It was a year before he decided he was the person to do this, and having come to that decision he dedicated the rest of his life to the cause.

Clarkson's first act was to translate and expand his essay. In 1786, he took it to James Phillips, a printer and bookseller in London, who had already published anti-slavery tracts. He printed and sold the essay which proved popular and marked a turning point for British abolition.

Through Phillips he met other abolitionists, including Granville Sharp, and learned what they had been doing to further the cause. He decided to focus on removing the legal basis for the slave trade using public action to help achieve this. Clarkson was convinced that once the British public was informed of the true horrors of the slave trade and of slaves' treatment in the colonies, their anger could be translated into action in Parliament.

This led to Clarkson and William Wilberforce's most famous early meeting in 1787. Clarkson asked Bennet Langton, who was well-known in British society, to arrange a dinner so he could ask Wilberforce to champion the cause in Parliament. By the dinner's end, Wilberforce agreed. From then on they worked closely together.

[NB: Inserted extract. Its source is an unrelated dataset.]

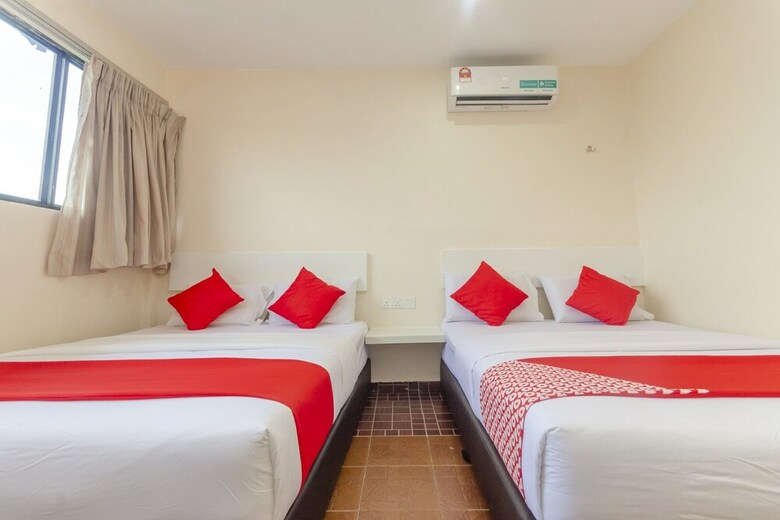 Oyo 1010 Skudai Hotel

On 22 May that year, the movement progressed when Clarkson, Sharp and 10 others met to form a committee with the express purpose of ending the slave trade as a first step towards total emancipation. Clarkson and Sharp were chosen to be its secretary and president respectively. They named themselves the Society for Effecting the Abolition of the Slave Trade.

Clarkson was determined to gather proof of slavery's brutality for his books and pamphlets and as evidence for Wilberforce to use in Parliament. Over the following seven years he travelled 35,000 miles on horseback across Britain, including the major slave ports of Bristol and Liverpool; sometimes at risk to his life.

Through interviews with sailors who had worked on slave ships he was able to challenge the pro-slavery propaganda that the transatlantic voyage was comfortable for slaves and that they received all they needed. Clarkson showed the reality was quite different, and that conditions were so bad, that even the survival rate among Britain's sailors was poor. His remodelled image of the slave ship the Brookes, loaded with 482 slaves, was produced as posters in 1789. They were widely distributed to a shocked public.

Wherever he went he spoke to as many people as possible and helped inspire 1,200 groups working against the slave trade. He also regularly corresponded with 400 people to help create a movement against the slave trade, and organised 519 petitions to Parliament in 1792, encouraging 300,000 people to boycott sugar and its products due to its being produced using slave labour.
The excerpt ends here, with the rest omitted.